Bridget Crawford at Feminist Law Professors reports that radical feminist philosopher and theologian Mary Daly is dead at the age of 81. In the comments to Crawford's post, Ann Bartow of FLP links to this obituary at Reclusive Leftist.
Mary Daly was a colossus. She was an absolutely towering influence on modern feminist thought. If you’re a feminist alive today, then Mary Daly influenced you. Even if you’ve never heard of her, even if you’ve never read her books — she influenced you.
Crawford links to Daly's obituary at National Catholic Reporter online.
Daly most often contemplated the divine essence as a verb, Be-ing itself, so that worship is "not kneeling in front of a so-and-so but swirling in energy." Her language echoed quantum physics, and she was flattered if you said so: "I do think about space-time a great deal," she admitted. "It's a kind of mysticism which is also political."
The Boston Collaborative Encyclopedia of Modern Western Theology also has an interesting biography.As in life, in death Mary Daly remains controversial. Her Wikipedia biography, while grossly oversimplified, gives some sense of the controversies that surrounded her.
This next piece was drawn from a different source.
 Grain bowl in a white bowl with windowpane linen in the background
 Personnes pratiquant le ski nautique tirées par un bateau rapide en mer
In Gyn/Ecology, Daly wrote that the number of people killed as witches during the Witch Hunt in early modern Europe added up to nine million people, mostly women. This high figure, which is rejected by most researchers,[12] caused her to coin the term 'Gynocide' and to draw comparisons with the Holocaust. Nearly all estimates today range from 60,000 to 100,000 people killed between the 14th and 18th centuries.[13]

Also in Gyn/Ecology, Daly asserted her negative view of transsexual people, whom she referred to as "Frankensteinian." She labels transsexualism a "male problem" and claimed that post-operative transsexuals exist in a "contrived and artifactual condition."[14] Daly was also the dissertation advisor to Janice Raymond, whose dissertation, published in 1979 as The Transsexual Empire, is critical of "transsexualism." Transsexual activist Riki Wilchins has accused Daly of being transphobic.
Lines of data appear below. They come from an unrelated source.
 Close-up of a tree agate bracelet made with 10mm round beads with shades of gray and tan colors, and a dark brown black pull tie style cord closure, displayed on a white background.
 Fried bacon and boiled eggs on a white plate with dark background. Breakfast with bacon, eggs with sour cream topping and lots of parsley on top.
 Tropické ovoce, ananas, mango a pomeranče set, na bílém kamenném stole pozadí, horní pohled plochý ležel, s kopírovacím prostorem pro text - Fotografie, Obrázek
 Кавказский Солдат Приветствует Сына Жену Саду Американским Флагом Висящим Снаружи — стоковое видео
In a personal letter to Daly, published after four months without any reply, Audre Lorde expressed a fondness for Daly's work, but expressed concern over Gyn/Ecology, citing homogenizing tendencies, and a refusal to acknowledge the "herstory and myth" of women of color. [15] The letter, and Daly's decision not to publicly respond, greatly affected the reception of Daly's work among other feminist theorists, and has been described as a "paradigmatic example of challenges to white feminist theory by feminists of color in the 1980s." [16]
I would say that one of the biggest reasons that Daly remains controversial is the utter seriousness with which she took women's lives and patriarchal oppression. For an analysis of Daly's work that gives due respect to Mary Daly's work, while also criticizing it, I would recommend the anthology Feminist Interpretations of Mary Daly edited by philosophers Sarah Hoagland and Marilyn Frye, which was reviewed by Carol Anne Douglas in off our backs. I admit that it's been sitting on my bookshelf for years, and I've kept it because it looks so interesting. When I'm finished reading it, you're welcome to borrow it.

In the meantime, you can get some of the flavor of Mary Daly's work by visiting her web site.